Segment Start: Dataset section
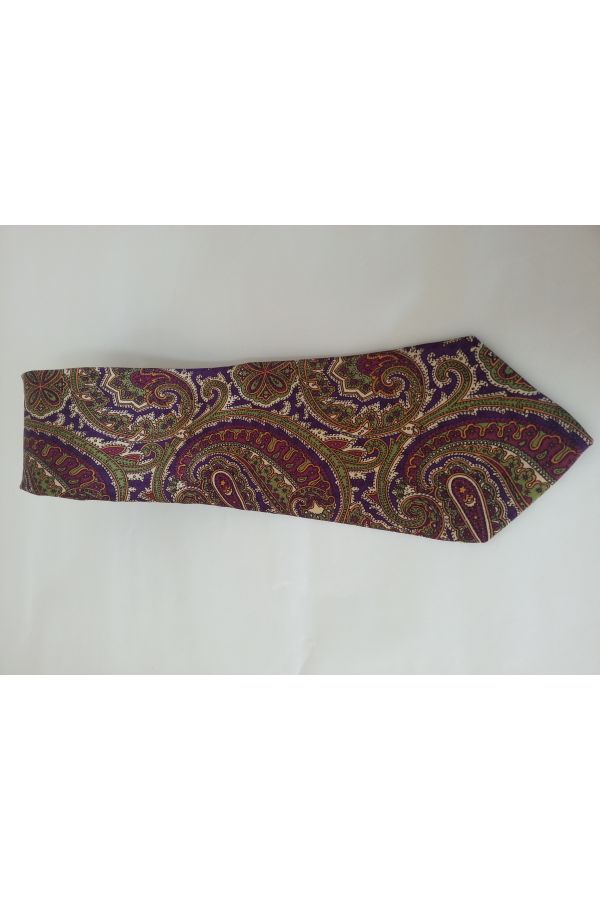 Krawatte und Einstecktuch, purple Paisley, aus Jacquard-Seide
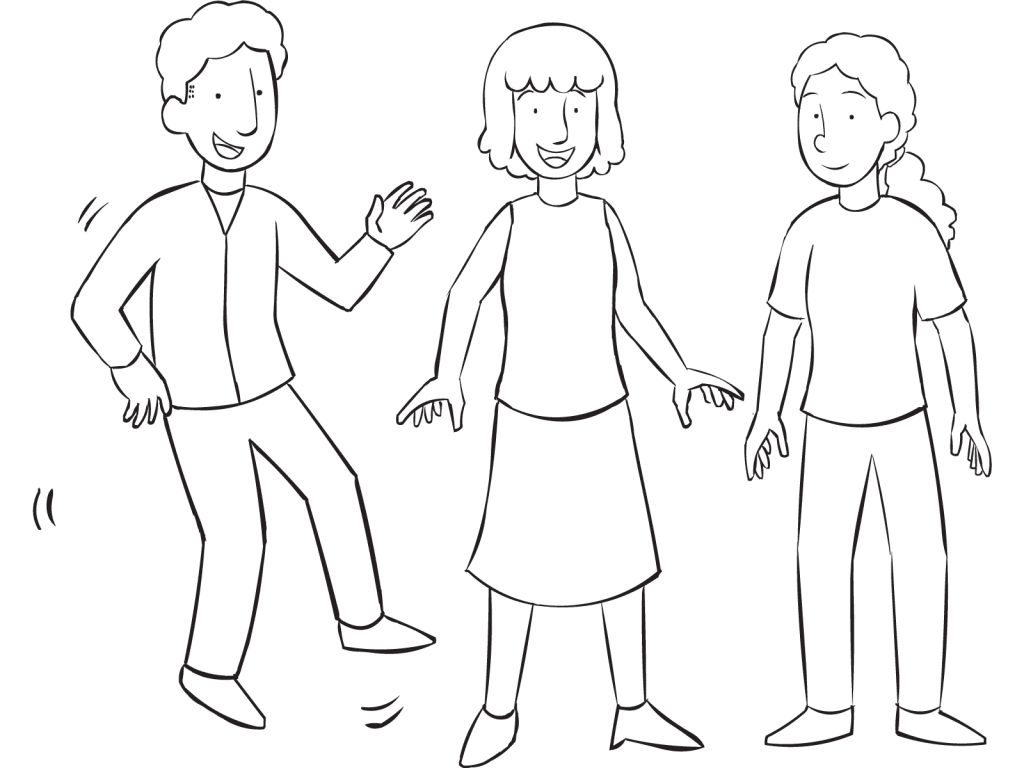 Three people with big smiles playing Super Smile funny circle game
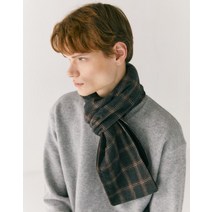22FW [Online Limited] 다크 그레이 코튼 혼방 체크 머플러 HJMU2F932G3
Segment End: Dataset section
--- Problem description ---
Copy out all the data exactly. The images should not appear in the copy.

--- Answer for this exercise ---
 Krawatte und Einstecktuch, purple Paisley, aus Jacquard-Seide
 Three people with big smiles playing Super Smile funny circle game
22FW [Online Limited] 다크 그레이 코튼 혼방 체크 머플러 HJMU2F932G3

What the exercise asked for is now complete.